Magnetic resonance elastography (MRE) combines magnetic resonance imaging (MRI) with sound waves to create a visual map (elastogram), showing the stiffness of the liver tissue. It is used primarily to detect hardening of the liver caused by different types of liver diseases, including those of alcoholic aetiology (Jin 2007).
Other alternative non-invasive tests (apart from venepuncture) to transient elastography are laboratory tests such as ALT and AST ratio, prothrombin index, hyaluronic acid, ELF, etc. (Crespo 2012; Liu 2012). All of these tests are used as surrogate markers for estimation of hepatic fibrosis. In addition, different combinations of biochemical tests such as FibroTest® and Fibrometre® are used for diagnosis of hepatic fibrosis in people with alcoholic liver disease (Morra 2007; Poynard 2007; Poynard 2008; Angulo 2009). We are also undertaking a systematic review to determine the diagnostic accuracy of transient elastography plus FibroTest® versus FibroTest® alone for diagnosis of hepatic fibrosis in adults with chronic hepatitis C (Pavlov 2013b).
The clinical pathway in diagnosis of alcoholic liver disease is presented in Figure 1.
Liver biopsy has so far been considered the standard method for detection of hepatic fibrosis and its staging, using different semi-quantitative morphological scores on liver tissue samples with a size of no more than 1 to 2 cm3 (Table 1). One advantage of liver biopsy is that it may give diagnostic information for concurrent liver diseases (Poulsen 1979; Ismail 2011). However, there are a number of disadvantages with liver biopsy; it is invasive, and it may hide potential risks to the person such as punctures of abdominal organs and haemorrhage. Liver biopsy can be painful, time-consuming, and stressful for the person and depends on the physician's experience and skills (Grant 1999; O'Shea 2010; Ivashkin 2011b). The risk of haemorrhage and death after liver biopsy is especially higher in people with a platelet count of 60,000 per mm3 or less, and also in those with an international normalisation ratio greater than 1.3 (Seeff 2010). The small size of the tissue samples may also lead to sampling errors.
Consensus on using transient elastography as a non-invasive method for diagnosis of hepatic fibrosis has not been established (Rockey 2008). It is still under debate if confounding factors such as inflammation, cholestasis, and increased hepatic vein congestion, such as in chronic heart failure, influence the precision of transient elastography in people with alcoholic liver disease (Rockey 2008). Increased body mass index, sex, and age are not considered confounding factors, but they may affect the number of reliable results (i.e. success rate).
Published meta-analyses demonstrated that cause is the most important factor leading to heterogeneity, thus indicating that the different chronic liver diseases should be analysed separately (Friedrich-Rust 2008; Poynard 2008; Stebbing 2010; Tsochatzis 2011).
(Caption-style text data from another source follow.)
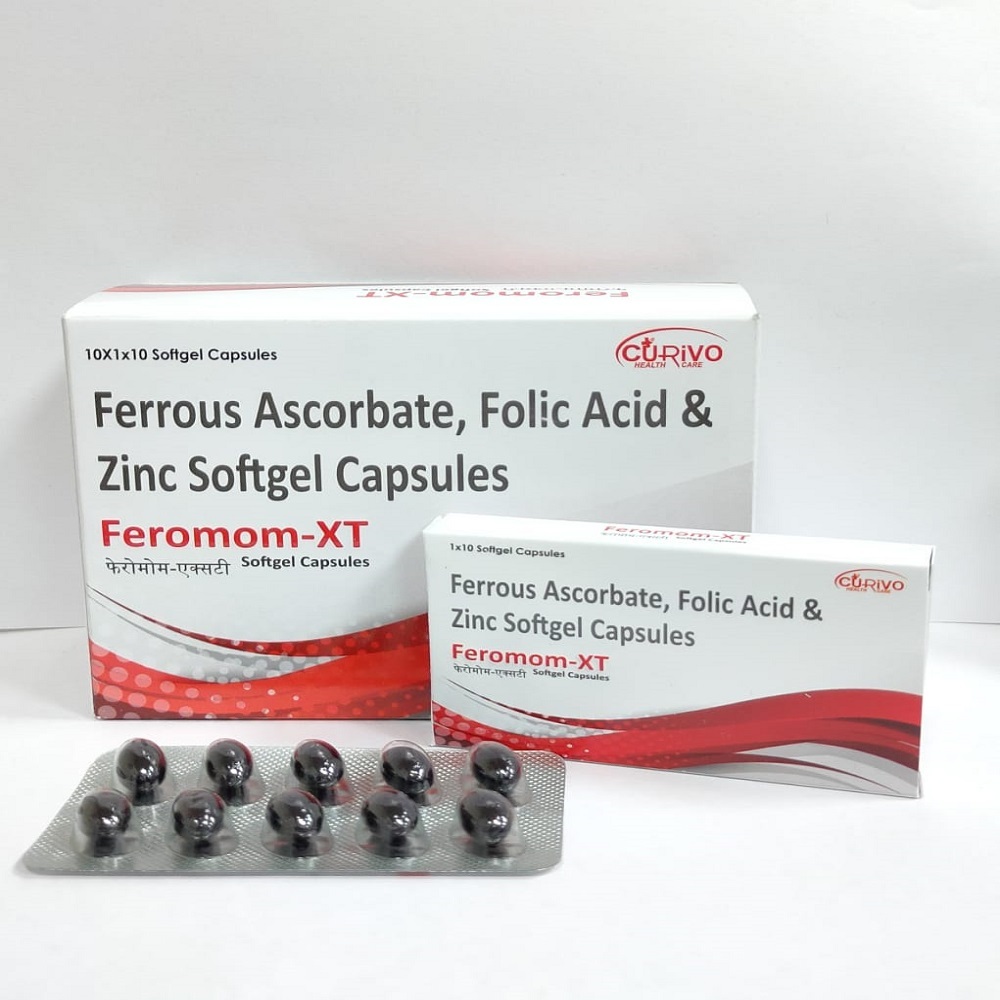 Softgel Capsule - Premium Quality, 500 Boxes | Plant-based, Store In Cool & Dry Place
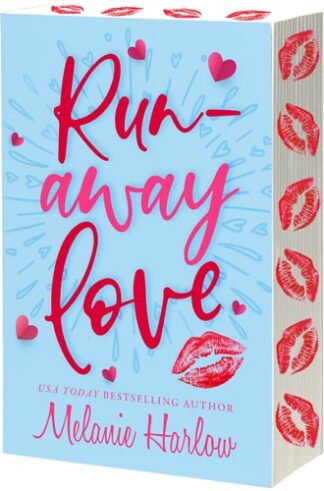 Runaway Love (Cherry Tree Harbor, Bk. 1)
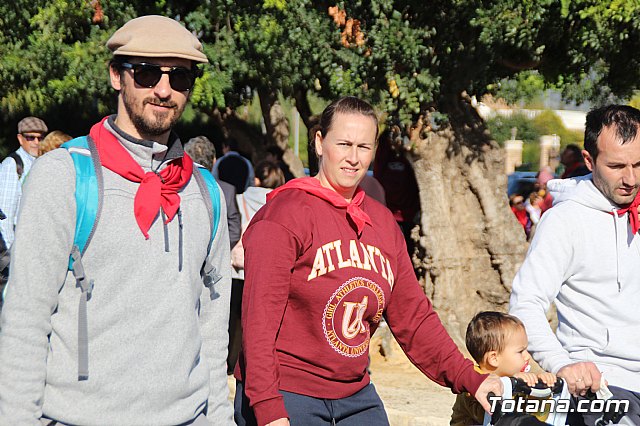 Romera Santa Eulalia 8 diciembre 2019 (Reportaje I) - 547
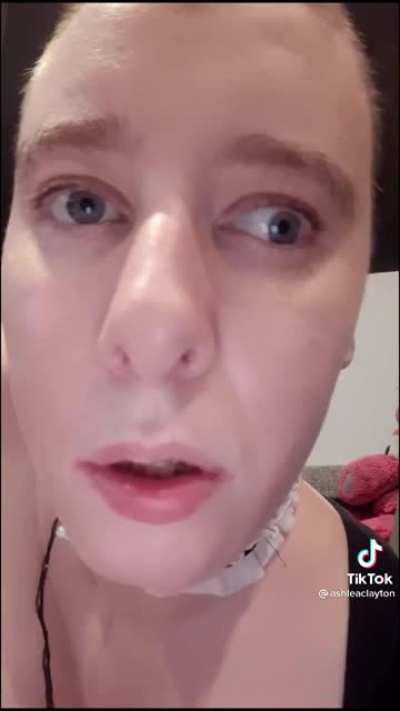 Look into her eyes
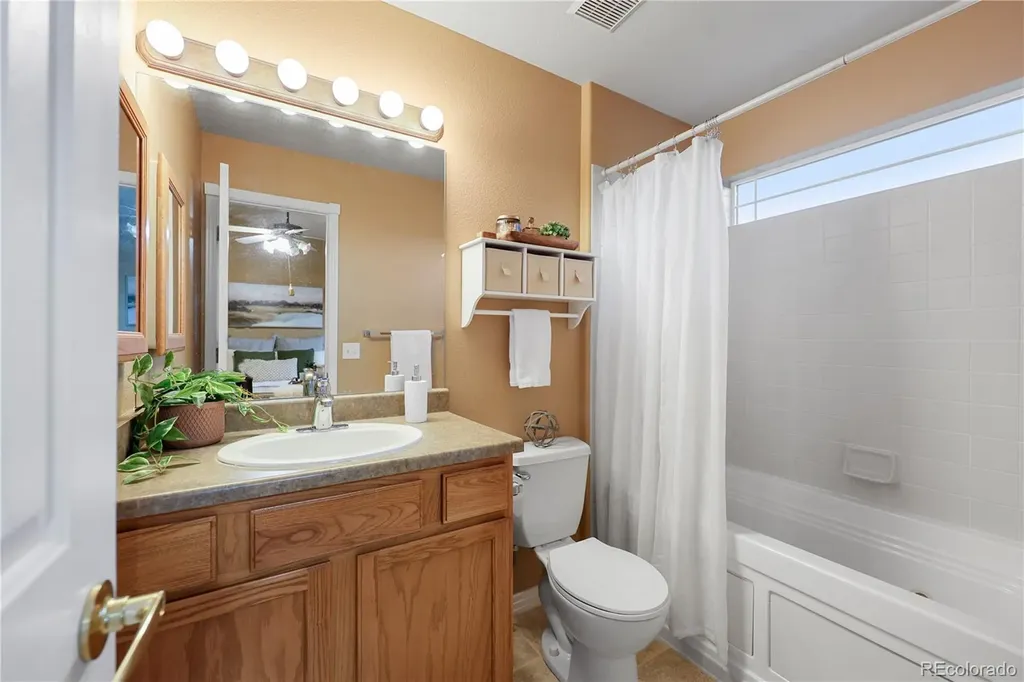 1479 Madison Ridge Heights Colorado Springs CO 80904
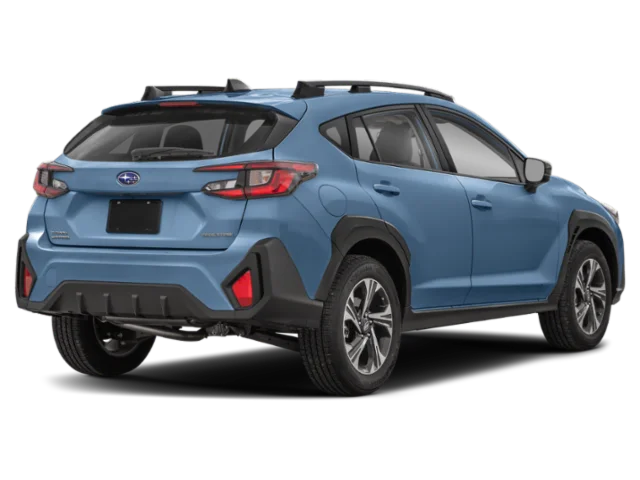 Used 2024 Blue Subaru Premium image 6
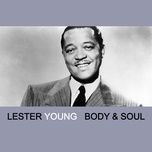 Blue Lester (Lester'S Blues)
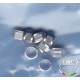Pipe Fitting #7 (Inner Diameter: 0.102"/2.59mm) 8pcs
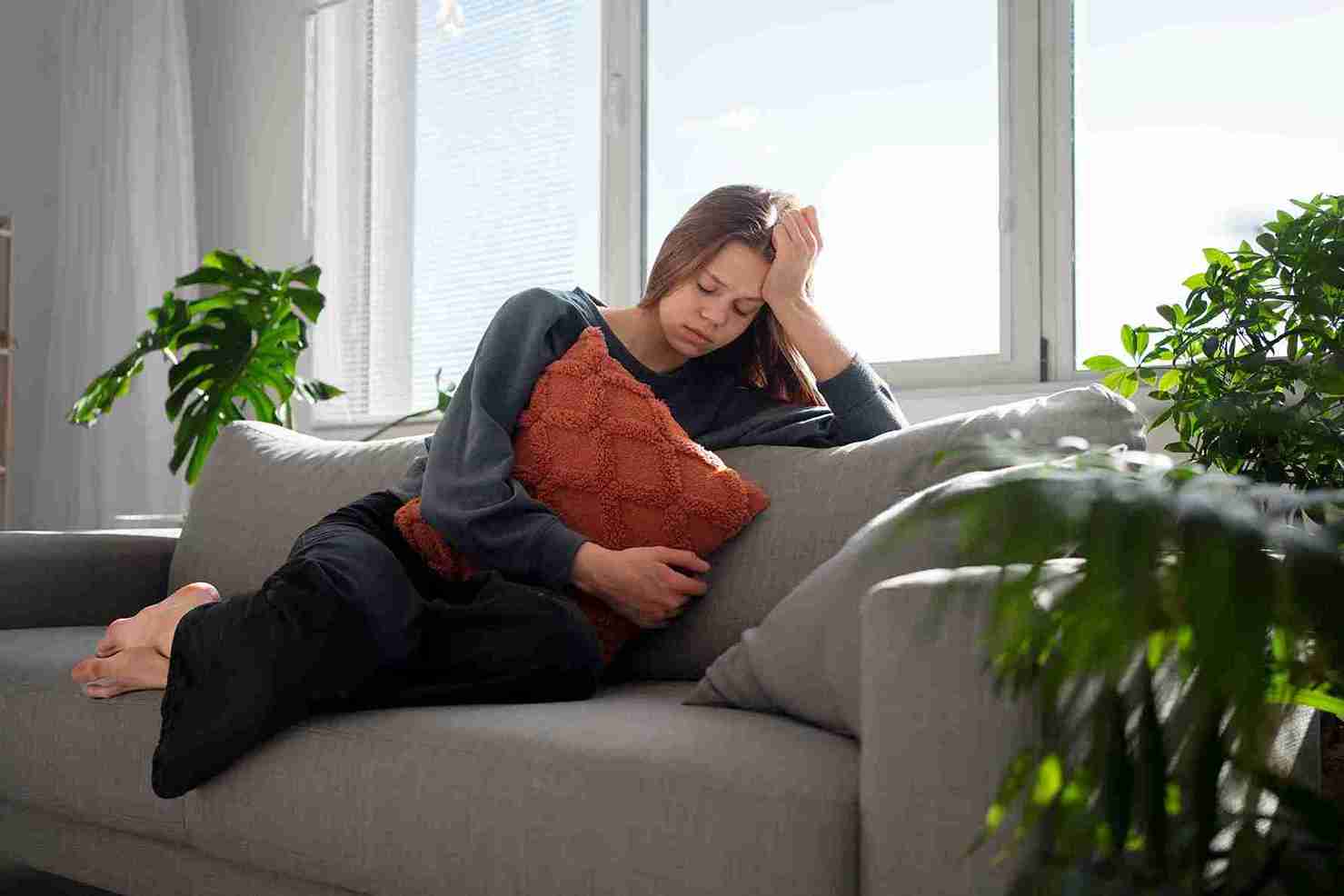 Fertility Treatment Stress Management Tips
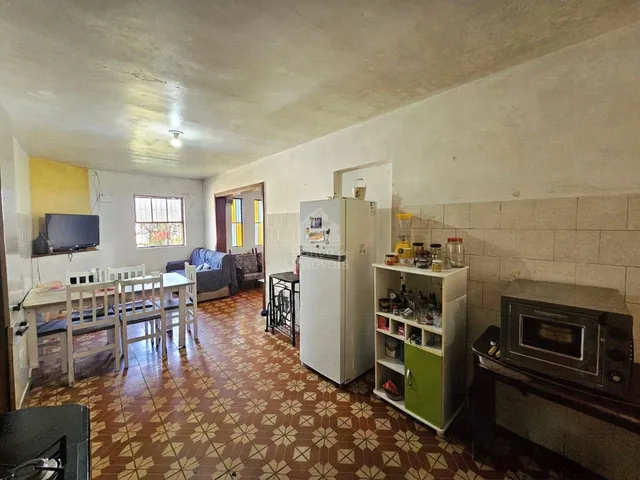 Imagem 5: Casa À Venda em Bairro Tranquilo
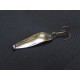 Orkla Krasela 6cm. 10 gr. Silver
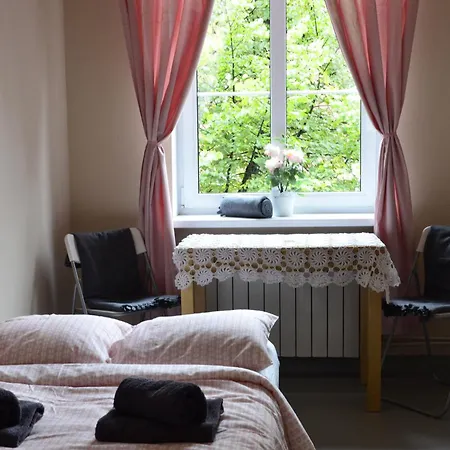 Rooms Close To Everywhere I Gdansk Exterior photo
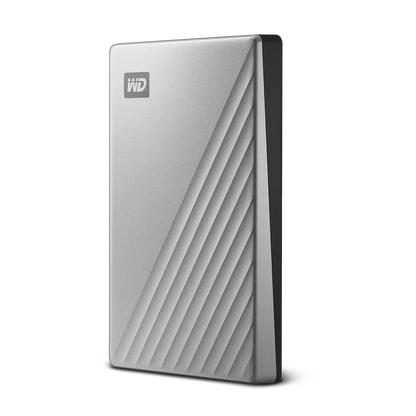 My Passport Ultra - 1TB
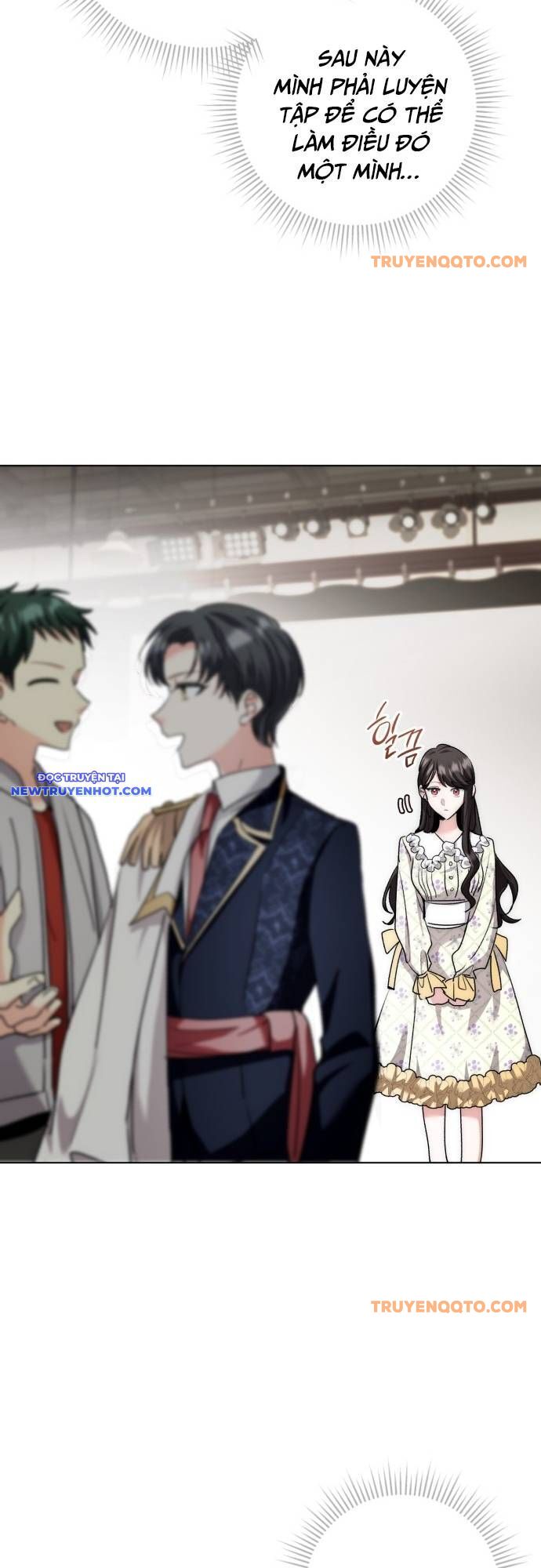 Ánh Hào Quang Của Diễn Viên Thiên Tài [Chap 1-85]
However, in these meta-analyses, results are obtained for all causes of liver disease together, which may become a limitation for determining the diagnostic accuracy of the method of transient elastography when used to diagnose hepatic fibrosis in people with alcoholic liver disease. Furthermore, these meta-analyses do not examine in detail the possible confounding influences of factors such as the degree of hepatic steatosis or the level of liver inflammation activity in people with alcoholic liver disease (Sackett 2002). This review aims to complete present research and to study further the diagnostic accuracy of transient elastography in detecting the presence or absence of hepatic fibrosis in people with alcoholic liver disease, following the Cochrane methodology (SRDTA Handbook). In addition, this review will help researchers working on designing interventions for people with alcoholic liver disease by knowing the grade and progression of fibrosis and cirrhosis.